Ryan Avent — whom I’m sure has driven much more than I have — has an interesting take on the psychology of the automobile:

I think the psychological result of getting into a car is often unappreciated. A driver — myself included — immediately feels entitled to deference on the road, to that point that they may become actually angry with other drivers, and with the pedestrians and cyclists who insist on making drivers travel somewhat more slowly, or wait to turn right, or generally make the process of commuting less than an unimpeded sprint from point A to point B.

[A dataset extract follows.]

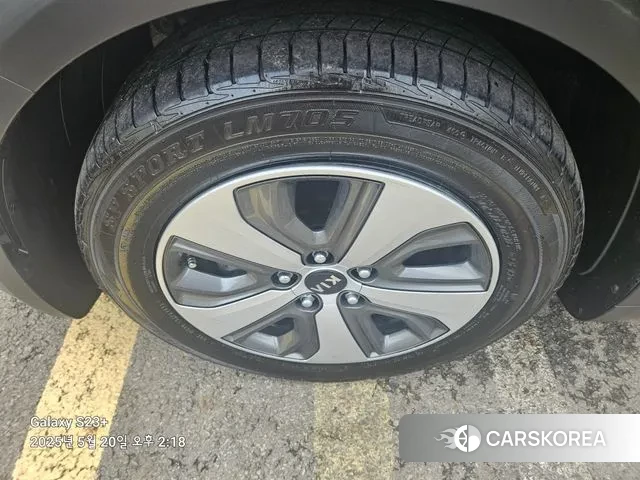 Kia Niro id 3677722 из Кореи 19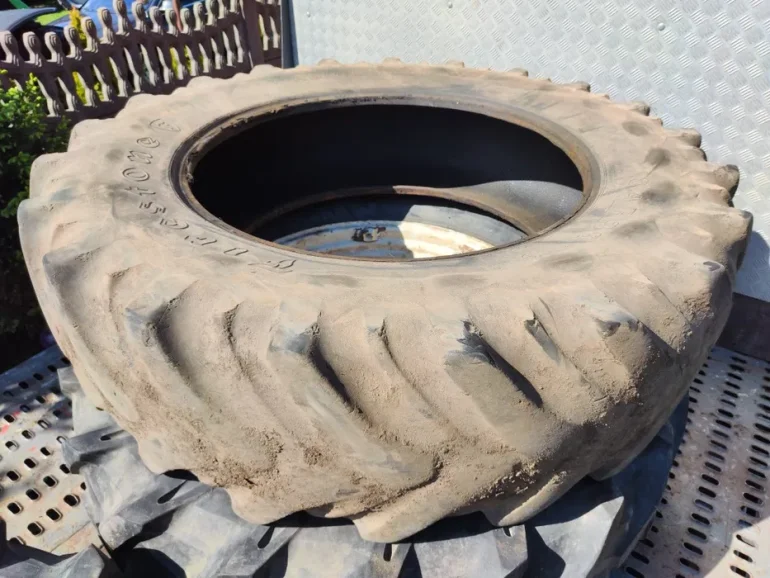 Para opon Firestone 18.4 r38 całe nie popękane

This reminds me of the time when I was riding my bike crosstown on a narrow Manhattan street, and an angry yellow cab started honking aggressively at me from behind. I had nowhere to pull over to, and he got increasingly irate, until I reached the red light and he screeched to a halt beside me. He then proceeded to tell me in no uncertain terms that I had no right to be on the road at all. When I pointed out that for all his rushing he would only have wound up at exactly the same red light a few seconds earlier, and wouldn’t have saved any time, he replied that in fact he had the right to run red lights if he wanted to, and I was depriving him of that right.

OK, New York cab drivers can get a bit extreme. But I think that Ryan’s on to something here — despite the fact that I’m actually the opposite way around: I hate driving, precisely because I’m so fearful about the damage I might do to someone else. That said, when I’m on foot or on my bike I hate it when people get in my way: I might not suffer from road rage when I’m in a car, but I certainly do when I’m on a bike. Get out of my bike lane!

I’m no expert on road rage, but I do think that the feeling of invincibility when you’re in a car does increase with the size of that car. Certainly from the point of view of a pedestrian I feel much more intimidated by a huge black Escalade than I do by a Mini, even though they both would do me pretty much the same amount of harm if they hit me at speed. Just sitting above the street life, rather than on the same level as the street life, makes a big — and deleterious — difference. Drive around a city low down in a Lamborghini, and pedestrians will be attracted to you, rather than repulsed from you.

Could it be that as cars get smaller the number of nasty car-on-person accidents will be reduced? One can but hope.